Do any of you buy round bales of hay for your sheep? I can buy round bales from someone I trust, so I know it's good quality, my only concern is this: I remember reading somewhere that sheep may not like to/be able to eat the long strands of hay in round bales with their little mouths...In square bales the hay is chopped into smaller pieces. Any thoughts?


----------



## farmerDale (Jan 8, 2011)

Done both. Sheep are fairly fussy with textures it seems, regardless of the hay. A good feeder with a catch tray beneath can help alleviate issues with waste. The hay needs to be leafy, not stemmy. IMO this matters more than the length of material for the most part.

For us at least it seems to not really matter the bale it is from.


----------



## hastyreply (Nov 10, 2012)

I feed round bales because we raise it. I've fed with a horse feeder but didn't like it as they ended up packing it down in the feeder and standing on it. Now I have cattle panel that I put around it and tie it with zip ties. They can put their heads in to eat but it probably won't work if they have horns. You can also by a hay bag that you can put the round bale in and I've thought about that. For now the cattle panels work fine. I also have it under their shed and that helps keep it dry therefore lasting longer.


----------



## 95bravo (Mar 22, 2010)

Video on how to wrap a round bale with a panel. [ame]http://www.youtube.com/watch?v=A8RPmEIq1AE[/ame]
You can also you a smaller piece of fencing or in my case a piece of concrete mesh.
[ame]http://www.youtube.com/watch?v=vrAsAvBATxw[/ame]


----------



## Bret4207 (May 31, 2008)

I suppose if you're feeding 10-15 sheep squares would be fine. With 80-100 or more...different thing. What I've found over the years is that given equal quality hay most all my stock prefers loose hay to round bales, rounds to small squares and squares to chopped dry hay. I put it down to the ends of the hay jabbbing their mouths. Watching my sheep they pull a strand of hay out and sometimes pick the leaves off it, sometimes eat the whole thing. Finer hay is preferred, but we take what we can get. Rolling the bale out so more animals have access at one time results in more lost hay, but more animals having a chance at it. If I could I'd have a way to unroll the bale into a feeder of some sort the sheep couldn't possibly walk on. My attempts at this so far have resulted in sheep in the feeder and occasional busted legs- not a good thing. 

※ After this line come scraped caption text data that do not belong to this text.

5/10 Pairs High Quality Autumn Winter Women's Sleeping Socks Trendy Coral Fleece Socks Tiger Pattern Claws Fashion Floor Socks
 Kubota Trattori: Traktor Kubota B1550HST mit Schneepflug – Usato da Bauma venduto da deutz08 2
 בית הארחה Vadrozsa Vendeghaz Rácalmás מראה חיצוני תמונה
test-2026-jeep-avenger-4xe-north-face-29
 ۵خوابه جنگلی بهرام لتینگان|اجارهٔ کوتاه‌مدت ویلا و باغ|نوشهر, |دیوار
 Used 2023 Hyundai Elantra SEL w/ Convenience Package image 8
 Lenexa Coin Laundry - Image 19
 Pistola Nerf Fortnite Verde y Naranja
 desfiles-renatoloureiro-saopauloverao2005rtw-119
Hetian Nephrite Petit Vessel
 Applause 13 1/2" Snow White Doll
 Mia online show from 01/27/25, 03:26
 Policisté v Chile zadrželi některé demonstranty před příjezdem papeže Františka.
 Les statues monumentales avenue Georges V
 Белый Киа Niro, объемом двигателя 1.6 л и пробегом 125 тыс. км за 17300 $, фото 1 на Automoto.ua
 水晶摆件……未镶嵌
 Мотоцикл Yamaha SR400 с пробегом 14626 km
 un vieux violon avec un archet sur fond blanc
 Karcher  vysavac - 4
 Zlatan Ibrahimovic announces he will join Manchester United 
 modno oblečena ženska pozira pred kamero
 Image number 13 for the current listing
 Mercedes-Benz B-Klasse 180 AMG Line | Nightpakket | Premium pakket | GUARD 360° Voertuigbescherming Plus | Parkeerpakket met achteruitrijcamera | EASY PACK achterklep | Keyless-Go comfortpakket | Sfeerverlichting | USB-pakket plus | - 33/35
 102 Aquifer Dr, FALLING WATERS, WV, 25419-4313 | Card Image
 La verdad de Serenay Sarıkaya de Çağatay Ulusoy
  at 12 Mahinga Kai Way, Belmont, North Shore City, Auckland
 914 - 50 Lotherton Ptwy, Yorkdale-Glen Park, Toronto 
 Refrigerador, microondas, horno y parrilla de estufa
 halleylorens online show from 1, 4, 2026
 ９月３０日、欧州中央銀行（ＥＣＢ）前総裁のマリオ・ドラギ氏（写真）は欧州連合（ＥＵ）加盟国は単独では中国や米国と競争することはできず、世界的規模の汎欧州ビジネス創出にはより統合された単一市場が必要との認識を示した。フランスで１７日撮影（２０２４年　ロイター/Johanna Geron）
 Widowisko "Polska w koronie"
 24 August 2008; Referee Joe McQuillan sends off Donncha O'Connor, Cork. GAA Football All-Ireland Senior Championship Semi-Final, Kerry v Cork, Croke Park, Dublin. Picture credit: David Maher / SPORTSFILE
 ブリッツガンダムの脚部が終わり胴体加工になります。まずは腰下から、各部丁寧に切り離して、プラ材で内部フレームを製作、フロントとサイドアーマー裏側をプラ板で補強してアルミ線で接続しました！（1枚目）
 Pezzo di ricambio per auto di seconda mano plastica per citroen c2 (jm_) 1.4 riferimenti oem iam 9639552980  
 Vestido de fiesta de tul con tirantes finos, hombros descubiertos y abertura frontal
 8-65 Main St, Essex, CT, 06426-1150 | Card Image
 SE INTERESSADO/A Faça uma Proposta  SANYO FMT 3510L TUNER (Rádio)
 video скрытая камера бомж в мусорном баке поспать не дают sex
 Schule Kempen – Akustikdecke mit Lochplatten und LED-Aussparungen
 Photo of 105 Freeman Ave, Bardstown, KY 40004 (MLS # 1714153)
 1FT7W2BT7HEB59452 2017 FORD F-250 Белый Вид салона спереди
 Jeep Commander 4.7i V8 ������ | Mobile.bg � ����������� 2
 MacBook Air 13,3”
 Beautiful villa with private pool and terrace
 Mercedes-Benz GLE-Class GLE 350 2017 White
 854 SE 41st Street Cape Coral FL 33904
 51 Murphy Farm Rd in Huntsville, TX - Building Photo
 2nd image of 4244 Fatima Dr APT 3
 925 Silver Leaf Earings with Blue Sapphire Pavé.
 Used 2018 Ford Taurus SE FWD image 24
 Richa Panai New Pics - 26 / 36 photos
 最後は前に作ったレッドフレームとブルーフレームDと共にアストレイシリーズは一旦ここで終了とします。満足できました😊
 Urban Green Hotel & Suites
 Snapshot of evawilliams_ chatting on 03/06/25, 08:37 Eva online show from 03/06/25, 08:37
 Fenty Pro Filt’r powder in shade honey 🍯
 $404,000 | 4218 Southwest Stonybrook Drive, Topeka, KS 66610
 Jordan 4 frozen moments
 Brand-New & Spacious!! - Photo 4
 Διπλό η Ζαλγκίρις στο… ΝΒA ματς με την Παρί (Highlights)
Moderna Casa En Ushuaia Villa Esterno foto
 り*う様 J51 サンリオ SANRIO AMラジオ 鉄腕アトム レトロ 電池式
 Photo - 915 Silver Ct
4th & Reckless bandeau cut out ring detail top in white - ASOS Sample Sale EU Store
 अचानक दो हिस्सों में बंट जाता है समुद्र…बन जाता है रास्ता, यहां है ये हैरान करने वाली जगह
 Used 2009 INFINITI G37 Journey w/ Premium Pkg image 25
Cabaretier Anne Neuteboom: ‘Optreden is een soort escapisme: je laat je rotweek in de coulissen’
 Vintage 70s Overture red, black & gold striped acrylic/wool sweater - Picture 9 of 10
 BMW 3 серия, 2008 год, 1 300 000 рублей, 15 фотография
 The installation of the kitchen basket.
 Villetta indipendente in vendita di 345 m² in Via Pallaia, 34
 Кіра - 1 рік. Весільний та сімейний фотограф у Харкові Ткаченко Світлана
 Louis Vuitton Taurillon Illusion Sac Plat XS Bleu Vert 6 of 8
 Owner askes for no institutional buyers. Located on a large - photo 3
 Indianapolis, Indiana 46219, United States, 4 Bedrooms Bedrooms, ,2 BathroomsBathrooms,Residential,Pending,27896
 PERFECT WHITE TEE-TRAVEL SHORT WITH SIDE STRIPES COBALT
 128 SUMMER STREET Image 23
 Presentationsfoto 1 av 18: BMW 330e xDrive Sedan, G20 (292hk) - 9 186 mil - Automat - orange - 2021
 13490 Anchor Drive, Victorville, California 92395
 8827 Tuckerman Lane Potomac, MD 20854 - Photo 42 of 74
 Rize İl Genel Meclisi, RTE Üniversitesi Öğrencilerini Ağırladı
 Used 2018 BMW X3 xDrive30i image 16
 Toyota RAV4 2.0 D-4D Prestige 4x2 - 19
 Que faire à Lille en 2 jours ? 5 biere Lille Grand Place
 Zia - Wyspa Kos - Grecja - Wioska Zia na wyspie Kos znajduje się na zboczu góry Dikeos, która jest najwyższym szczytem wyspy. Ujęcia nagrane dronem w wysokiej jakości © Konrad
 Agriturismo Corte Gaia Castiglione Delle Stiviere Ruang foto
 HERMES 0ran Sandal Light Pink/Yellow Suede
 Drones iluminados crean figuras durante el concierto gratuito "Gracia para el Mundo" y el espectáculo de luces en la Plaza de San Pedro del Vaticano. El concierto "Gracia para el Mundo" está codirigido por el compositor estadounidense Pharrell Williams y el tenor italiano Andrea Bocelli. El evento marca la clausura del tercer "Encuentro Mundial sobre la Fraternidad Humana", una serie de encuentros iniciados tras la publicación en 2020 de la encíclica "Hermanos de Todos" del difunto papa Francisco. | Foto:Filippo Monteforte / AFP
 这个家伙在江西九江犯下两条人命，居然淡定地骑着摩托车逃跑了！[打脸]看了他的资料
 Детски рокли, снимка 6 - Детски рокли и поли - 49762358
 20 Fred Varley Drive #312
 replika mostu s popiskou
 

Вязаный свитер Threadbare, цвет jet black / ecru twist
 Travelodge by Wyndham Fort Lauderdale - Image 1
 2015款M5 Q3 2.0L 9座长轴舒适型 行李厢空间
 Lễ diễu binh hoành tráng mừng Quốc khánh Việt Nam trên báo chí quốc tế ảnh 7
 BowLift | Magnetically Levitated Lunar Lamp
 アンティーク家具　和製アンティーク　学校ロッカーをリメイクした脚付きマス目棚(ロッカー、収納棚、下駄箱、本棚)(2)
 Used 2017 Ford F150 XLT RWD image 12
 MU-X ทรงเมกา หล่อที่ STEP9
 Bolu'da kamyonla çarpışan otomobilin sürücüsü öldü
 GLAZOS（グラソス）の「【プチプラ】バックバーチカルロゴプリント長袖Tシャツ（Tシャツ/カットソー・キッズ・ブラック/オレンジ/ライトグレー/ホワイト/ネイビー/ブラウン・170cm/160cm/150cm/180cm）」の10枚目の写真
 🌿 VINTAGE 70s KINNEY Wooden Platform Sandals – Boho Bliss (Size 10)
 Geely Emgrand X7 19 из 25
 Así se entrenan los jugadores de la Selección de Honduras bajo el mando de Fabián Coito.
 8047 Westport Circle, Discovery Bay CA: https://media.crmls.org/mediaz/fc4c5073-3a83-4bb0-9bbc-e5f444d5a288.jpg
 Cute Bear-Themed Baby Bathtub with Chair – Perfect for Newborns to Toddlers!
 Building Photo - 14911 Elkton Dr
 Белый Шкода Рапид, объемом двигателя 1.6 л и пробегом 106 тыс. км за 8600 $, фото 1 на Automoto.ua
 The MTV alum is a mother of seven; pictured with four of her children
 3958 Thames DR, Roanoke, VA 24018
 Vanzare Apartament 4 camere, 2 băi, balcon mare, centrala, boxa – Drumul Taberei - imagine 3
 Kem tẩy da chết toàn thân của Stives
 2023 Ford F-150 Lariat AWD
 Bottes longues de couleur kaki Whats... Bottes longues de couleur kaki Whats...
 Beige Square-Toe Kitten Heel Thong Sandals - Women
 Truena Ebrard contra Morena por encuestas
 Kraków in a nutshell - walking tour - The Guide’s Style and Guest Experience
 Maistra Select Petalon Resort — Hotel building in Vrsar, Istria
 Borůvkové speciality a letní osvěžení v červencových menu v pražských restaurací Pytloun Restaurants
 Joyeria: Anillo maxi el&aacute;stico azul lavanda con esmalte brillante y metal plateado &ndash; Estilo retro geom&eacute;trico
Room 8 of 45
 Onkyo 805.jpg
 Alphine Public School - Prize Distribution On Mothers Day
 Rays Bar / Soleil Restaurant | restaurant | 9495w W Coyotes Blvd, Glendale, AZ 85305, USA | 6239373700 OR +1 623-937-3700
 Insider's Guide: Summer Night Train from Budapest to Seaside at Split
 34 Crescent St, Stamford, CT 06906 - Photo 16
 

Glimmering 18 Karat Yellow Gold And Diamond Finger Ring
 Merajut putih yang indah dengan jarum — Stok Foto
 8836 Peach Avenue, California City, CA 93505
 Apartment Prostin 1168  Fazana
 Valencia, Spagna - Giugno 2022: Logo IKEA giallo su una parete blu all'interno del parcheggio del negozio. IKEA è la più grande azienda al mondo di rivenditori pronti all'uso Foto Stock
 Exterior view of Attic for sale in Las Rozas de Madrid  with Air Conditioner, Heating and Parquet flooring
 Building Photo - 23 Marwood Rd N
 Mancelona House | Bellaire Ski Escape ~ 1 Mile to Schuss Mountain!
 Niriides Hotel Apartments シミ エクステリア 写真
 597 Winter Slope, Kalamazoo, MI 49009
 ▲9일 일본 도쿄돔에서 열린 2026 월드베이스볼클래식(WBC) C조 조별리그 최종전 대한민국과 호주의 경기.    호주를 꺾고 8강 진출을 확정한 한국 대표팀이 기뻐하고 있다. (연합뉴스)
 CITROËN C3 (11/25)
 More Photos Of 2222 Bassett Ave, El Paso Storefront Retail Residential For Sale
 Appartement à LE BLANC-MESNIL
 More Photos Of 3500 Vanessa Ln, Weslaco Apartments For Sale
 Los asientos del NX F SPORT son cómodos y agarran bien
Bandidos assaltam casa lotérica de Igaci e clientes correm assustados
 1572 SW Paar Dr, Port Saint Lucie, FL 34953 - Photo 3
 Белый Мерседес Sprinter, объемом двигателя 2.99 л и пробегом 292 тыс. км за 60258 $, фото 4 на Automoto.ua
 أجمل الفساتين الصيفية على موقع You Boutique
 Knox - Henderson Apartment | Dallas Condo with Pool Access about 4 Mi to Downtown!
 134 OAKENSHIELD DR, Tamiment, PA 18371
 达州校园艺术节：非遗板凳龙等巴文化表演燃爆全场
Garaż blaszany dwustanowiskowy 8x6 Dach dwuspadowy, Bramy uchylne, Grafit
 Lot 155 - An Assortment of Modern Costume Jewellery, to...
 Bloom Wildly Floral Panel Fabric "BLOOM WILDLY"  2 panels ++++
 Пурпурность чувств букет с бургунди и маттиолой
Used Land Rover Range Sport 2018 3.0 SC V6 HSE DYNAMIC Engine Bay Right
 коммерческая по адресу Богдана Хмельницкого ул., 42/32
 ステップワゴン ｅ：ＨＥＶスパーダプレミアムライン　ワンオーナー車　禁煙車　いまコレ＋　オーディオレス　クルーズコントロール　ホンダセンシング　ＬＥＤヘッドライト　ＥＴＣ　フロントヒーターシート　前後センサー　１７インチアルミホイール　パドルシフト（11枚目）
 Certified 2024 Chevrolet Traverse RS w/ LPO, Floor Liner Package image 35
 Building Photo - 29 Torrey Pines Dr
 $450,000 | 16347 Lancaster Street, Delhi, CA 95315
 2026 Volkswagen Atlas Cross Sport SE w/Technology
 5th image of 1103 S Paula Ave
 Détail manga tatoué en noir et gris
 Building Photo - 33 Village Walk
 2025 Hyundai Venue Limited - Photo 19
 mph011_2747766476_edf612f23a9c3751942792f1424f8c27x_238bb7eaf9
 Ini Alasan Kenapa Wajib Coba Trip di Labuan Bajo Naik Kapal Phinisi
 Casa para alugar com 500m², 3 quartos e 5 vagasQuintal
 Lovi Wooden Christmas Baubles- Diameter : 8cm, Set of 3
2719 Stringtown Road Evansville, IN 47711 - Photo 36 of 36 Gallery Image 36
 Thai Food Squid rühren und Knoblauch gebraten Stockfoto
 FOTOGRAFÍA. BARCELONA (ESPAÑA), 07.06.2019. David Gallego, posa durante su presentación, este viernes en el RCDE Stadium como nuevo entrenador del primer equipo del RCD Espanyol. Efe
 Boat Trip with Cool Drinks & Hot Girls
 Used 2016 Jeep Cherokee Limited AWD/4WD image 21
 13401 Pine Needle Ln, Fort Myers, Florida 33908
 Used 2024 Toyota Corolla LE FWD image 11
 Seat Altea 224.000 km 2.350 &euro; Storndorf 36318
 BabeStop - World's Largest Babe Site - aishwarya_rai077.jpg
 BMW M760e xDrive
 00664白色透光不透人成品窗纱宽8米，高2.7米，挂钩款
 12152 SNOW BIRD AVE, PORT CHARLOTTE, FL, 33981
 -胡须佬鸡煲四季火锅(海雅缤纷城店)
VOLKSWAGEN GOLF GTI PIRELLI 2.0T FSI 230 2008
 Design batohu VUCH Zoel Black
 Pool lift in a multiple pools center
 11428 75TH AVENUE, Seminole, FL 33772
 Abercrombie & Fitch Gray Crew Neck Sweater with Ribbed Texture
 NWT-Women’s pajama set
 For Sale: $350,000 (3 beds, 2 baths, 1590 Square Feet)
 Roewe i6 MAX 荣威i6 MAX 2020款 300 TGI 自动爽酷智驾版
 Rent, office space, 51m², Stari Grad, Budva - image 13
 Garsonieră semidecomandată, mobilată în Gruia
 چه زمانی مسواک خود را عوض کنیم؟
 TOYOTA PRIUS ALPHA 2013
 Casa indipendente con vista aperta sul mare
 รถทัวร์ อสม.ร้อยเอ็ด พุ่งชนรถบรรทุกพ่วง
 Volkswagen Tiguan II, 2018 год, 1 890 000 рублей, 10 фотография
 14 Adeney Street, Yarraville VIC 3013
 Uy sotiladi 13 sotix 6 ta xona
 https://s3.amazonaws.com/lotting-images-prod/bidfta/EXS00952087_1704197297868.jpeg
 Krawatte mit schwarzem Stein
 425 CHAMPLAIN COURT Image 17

The sheep will figure out how to get the hay whether it's in squares or rounds. Limiting waste and ensuring everyone gets a shot at the feed is the important part.


----------



## dlskidmore (Apr 18, 2012)

When you say lose hay, are you fluffing a bale or did you put up some loose in a stack?


----------



## 95bravo (Mar 22, 2010)

Bret4207 said:


> I suppose if you're feeding 10-15 sheep squares would be fine. With 80-100 or more...different thing. What I've found over the years is that given equal quality hay most all my stock prefers loose hay to round bales, rounds to small squares and squares to chopped dry hay. I put it down to the ends of the hay jabbbing their mouths. Watching my sheep they pull a strand of hay out and sometimes pick the leaves off it, sometimes eat the whole thing. Finer hay is preferred, but we take what we can get. Rolling the bale out so more animals have access at one time results in more lost hay, but more animals having a chance at it. If I could I'd have a way to unroll the bale into a feeder of some sort the sheep couldn't possibly walk on. My attempts at this so far have resulted in sheep in the feeder and occasional busted legs- not a good thing.
> 
> The sheep will figure out how to get the hay whether it's in squares or rounds. Limiting waste and ensuring everyone gets a shot at the feed is the important part.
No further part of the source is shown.